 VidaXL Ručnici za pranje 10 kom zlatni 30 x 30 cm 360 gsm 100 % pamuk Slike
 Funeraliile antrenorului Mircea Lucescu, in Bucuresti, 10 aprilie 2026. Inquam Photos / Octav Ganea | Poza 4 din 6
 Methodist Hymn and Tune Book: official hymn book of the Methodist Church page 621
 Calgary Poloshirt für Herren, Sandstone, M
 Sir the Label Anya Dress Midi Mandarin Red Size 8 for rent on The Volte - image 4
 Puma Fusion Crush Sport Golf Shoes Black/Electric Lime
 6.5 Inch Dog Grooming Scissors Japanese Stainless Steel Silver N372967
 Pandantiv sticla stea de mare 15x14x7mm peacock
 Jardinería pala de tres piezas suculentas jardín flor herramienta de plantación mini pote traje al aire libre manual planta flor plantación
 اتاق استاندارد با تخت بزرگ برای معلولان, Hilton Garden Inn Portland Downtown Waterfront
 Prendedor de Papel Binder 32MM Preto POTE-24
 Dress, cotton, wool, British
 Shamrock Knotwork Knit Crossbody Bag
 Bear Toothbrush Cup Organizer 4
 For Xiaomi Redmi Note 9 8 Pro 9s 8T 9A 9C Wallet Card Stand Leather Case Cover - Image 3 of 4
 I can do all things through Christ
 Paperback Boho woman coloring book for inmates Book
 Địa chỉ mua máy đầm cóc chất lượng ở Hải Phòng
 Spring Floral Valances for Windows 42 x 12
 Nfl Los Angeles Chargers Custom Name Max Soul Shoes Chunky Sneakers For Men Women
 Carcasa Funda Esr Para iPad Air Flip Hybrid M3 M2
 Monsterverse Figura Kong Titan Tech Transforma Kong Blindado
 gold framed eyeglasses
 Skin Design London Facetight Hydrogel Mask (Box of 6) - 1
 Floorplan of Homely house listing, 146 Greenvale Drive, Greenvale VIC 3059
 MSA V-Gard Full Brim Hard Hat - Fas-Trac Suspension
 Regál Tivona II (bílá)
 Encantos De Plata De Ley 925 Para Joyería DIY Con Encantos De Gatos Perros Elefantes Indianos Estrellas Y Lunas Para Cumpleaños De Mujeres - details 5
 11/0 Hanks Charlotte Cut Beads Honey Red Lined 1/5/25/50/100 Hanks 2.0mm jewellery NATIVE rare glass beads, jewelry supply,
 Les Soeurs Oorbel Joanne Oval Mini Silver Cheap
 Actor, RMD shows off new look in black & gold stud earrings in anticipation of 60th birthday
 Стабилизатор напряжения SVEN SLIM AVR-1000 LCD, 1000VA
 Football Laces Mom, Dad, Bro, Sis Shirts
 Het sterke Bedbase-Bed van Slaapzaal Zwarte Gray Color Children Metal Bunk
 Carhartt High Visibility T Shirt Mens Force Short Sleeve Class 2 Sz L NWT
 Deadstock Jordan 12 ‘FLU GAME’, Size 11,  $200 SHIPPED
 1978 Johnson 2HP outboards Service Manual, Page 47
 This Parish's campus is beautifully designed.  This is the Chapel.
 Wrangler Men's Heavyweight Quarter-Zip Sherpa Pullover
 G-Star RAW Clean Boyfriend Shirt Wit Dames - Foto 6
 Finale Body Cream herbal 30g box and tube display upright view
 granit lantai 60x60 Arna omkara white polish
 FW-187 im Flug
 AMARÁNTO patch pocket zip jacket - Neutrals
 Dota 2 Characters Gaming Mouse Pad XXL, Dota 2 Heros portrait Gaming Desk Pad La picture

+ + + + + + +

### [Required work]
Both the first line of the data above and the line with "اتاق استاندارد با" must be included; please return exactly those lines and the ones between them.

### [Expected answer]
 VidaXL Ručnici za pranje 10 kom zlatni 30 x 30 cm 360 gsm 100 % pamuk Slike
 Funeraliile antrenorului Mircea Lucescu, in Bucuresti, 10 aprilie 2026. Inquam Photos / Octav Ganea | Poza 4 din 6
 Methodist Hymn and Tune Book: official hymn book of the Methodist Church page 621
 Calgary Poloshirt für Herren, Sandstone, M
 Sir the Label Anya Dress Midi Mandarin Red Size 8 for rent on The Volte - image 4
 Puma Fusion Crush Sport Golf Shoes Black/Electric Lime
 6.5 Inch Dog Grooming Scissors Japanese Stainless Steel Silver N372967
 Pandantiv sticla stea de mare 15x14x7mm peacock
 Jardinería pala de tres piezas suculentas jardín flor herramienta de plantación mini pote traje al aire libre manual planta flor plantación
 اتاق استاندارد با تخت بزرگ برای معلولان, Hilton Garden Inn Portland Downtown Waterfront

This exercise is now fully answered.